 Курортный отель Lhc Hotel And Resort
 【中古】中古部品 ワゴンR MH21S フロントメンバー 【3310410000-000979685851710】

•••••

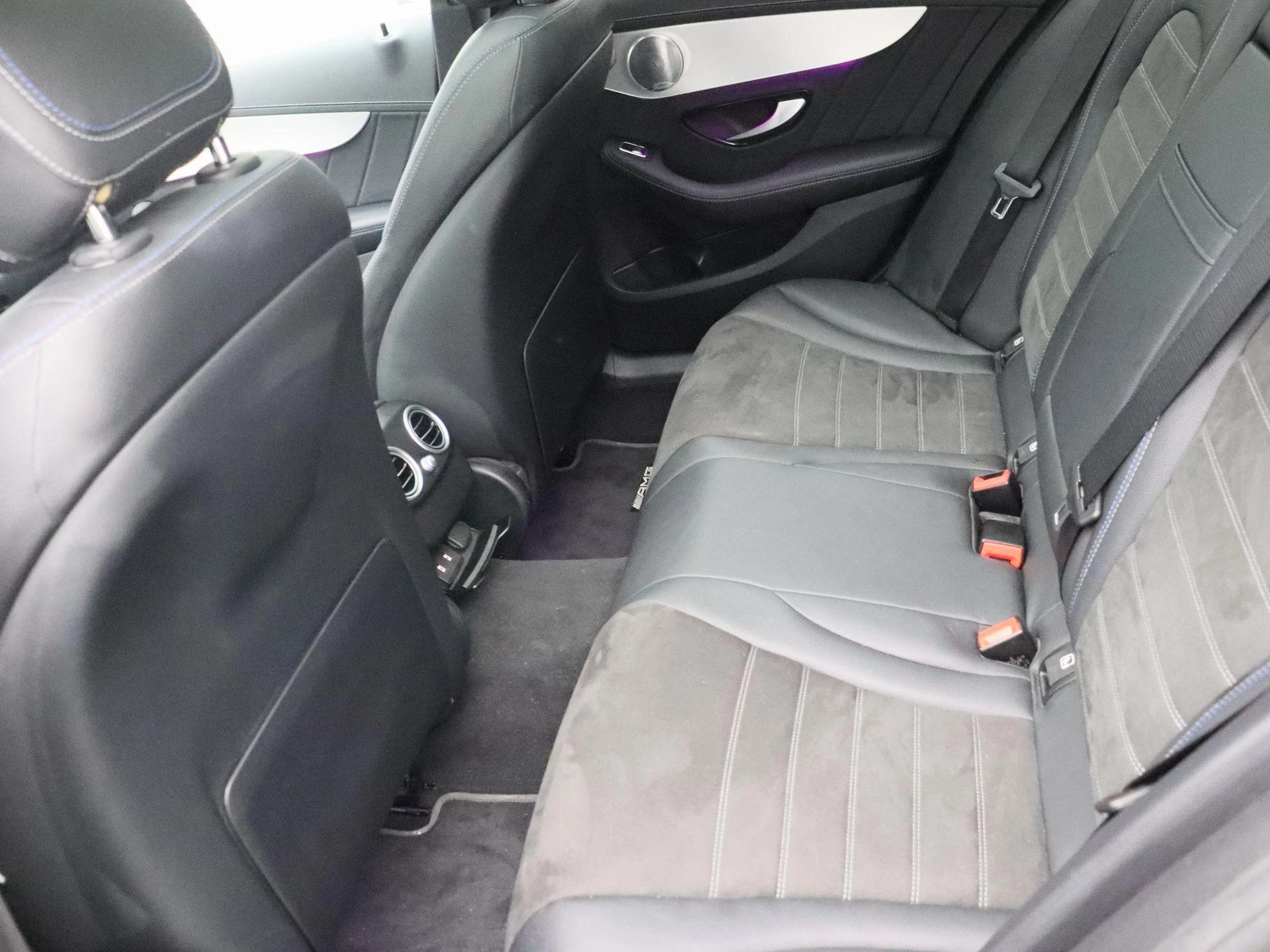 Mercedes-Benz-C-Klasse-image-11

•••••

| Task directions |
Starting at the line with "Курортный отель Lhc Hotel And Resort" and ending at the line with "MH21S フロントメンバー 【3310410000-000979685851710】", print each line of the listing above exactly, with no other lines.

| Response below |
 Курортный отель Lhc Hotel And Resort
 【中古】中古部品 ワゴンR MH21S フロントメンバー 【3310410000-000979685851710】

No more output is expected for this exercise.